The truth nobody wants to address is that nobody in Nigeria has ever been lifted out of poverty through gifts and tokens, or what they choose to call government palliatives. Sustainable poverty eradication has to be locked in the economic sprocket of value engineering, without which nothing is created for anybody. Any person or group that is poor, who is not in the value engineering wheel is not likely to have his or her circumstances changed, no matter how much freebies are made available.


Nigerians have, over the years, been treated with the ridiculous spectacles where political leaders distribute amenities such as sewing machines, grinding machines, hairdressing devices, wheelbarrows, shovels, and other strange items as poverty alleviation projects. Somewhere in the north of Nigeria, a National Assembly member was reported to have donated the material for Muslim burial of his constituents.


In presenting alternatives to the practice of communicating poverty, the professor dismissed the widely celebrated Grameen Bank model which originated in Bangladesh and earned its founder, Mohammed Yunus, a Nobel Prize, as not transformative enough.


Grameen Bank was founded in Bangladesh in 1976 as an action research pilot project in “Jobra” village in Chattogram district of Bangladesh after a famine had hit a section of the country in 1974. In 1983, the pilot project was transformed into a bank with the aim of alleviating poverty and empowering the marginalised poor in Bangladesh through micro-credit.
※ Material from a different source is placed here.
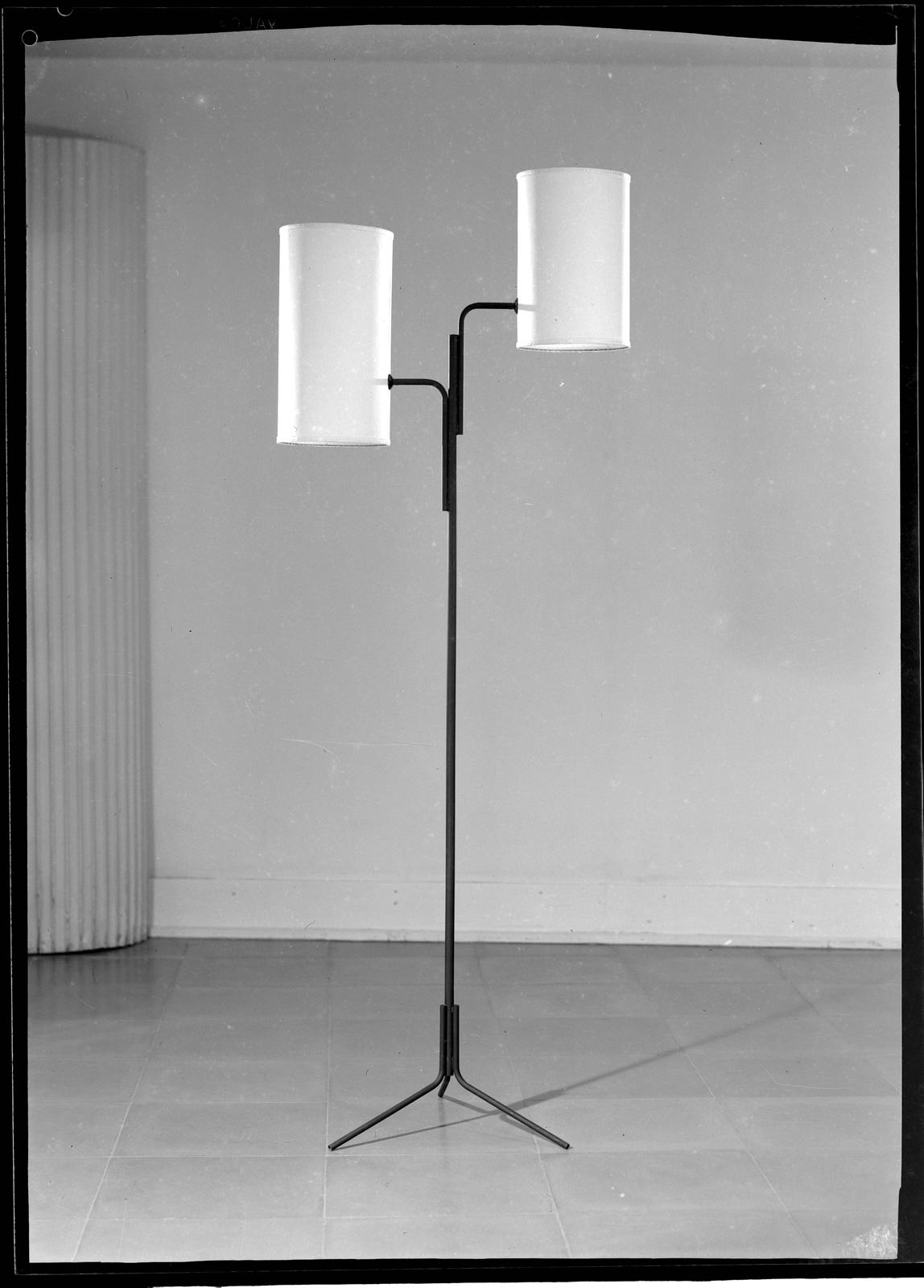 Desconegut, [Lamp]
But this model, according to Adi, is not transformative enough to ignite quantum economic growth and poverty eradication. He rather favours the South Korean and Japanese models of Chaebols and Keiretsu, models which have proven industrial-scale national transformation.
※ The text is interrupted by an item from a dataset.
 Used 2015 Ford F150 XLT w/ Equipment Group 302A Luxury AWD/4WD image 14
The closest to this model in Nigeria was the ill-fated Transnational Corporation of Nigeria, which Olusegun Obasanjo floated during his term as Nigeria’s President, between 1999 and 2007.


The Korean Chaebol system thrived through the development of a handful of industrial behemoths, which feed off every other industry in a bottom-up industry-with-industry connection that ensures seamless flow of economic value. The connection ensures that the rest of the economy works to feed the bigger industries above them, and up it goes until the big manufacturers are provided with the components they need to produce the things they mostly export.


History says the Koreans assimilated the Chaebol system during a period when the Japanese colonised South Korea and introduced their own Keiretsu system. It was the Keiretsu that produced the Toyotas, Hondas, Mitsubishis, and other world-renowned Japanese automobile manufacturing giants, which are now all global brands.


Most Japanese homes are mini-factories where families produce stuff used by bigger industries, and those small units feed relatively bigger industries and up it scales until the needs of the big corporations are met.
This way, everybody produces what the industry needs and the value trickles down to the lowest person in the order of value.


What Professor Adi did not put in words is that what Nigeria needs is not the distribution of tokens and the democratization of political zakat. His thesis is that Nigeria needs a lot more Dangotes across industries. These Dangotes would provide real jobs to dependent industries and people.


Poverty alleviation is a colonial legacy that reinforces. It reinforces the cycle of dependency and emphasizes the gaps between the political class and the people. Because the political class celebrates it, business, in the name of CSR, has been squeezing it much the same way they squeeze capital, glamourizing it on glossy surfaces and making shows of interventions that don’t move the needle of wellbeing forward.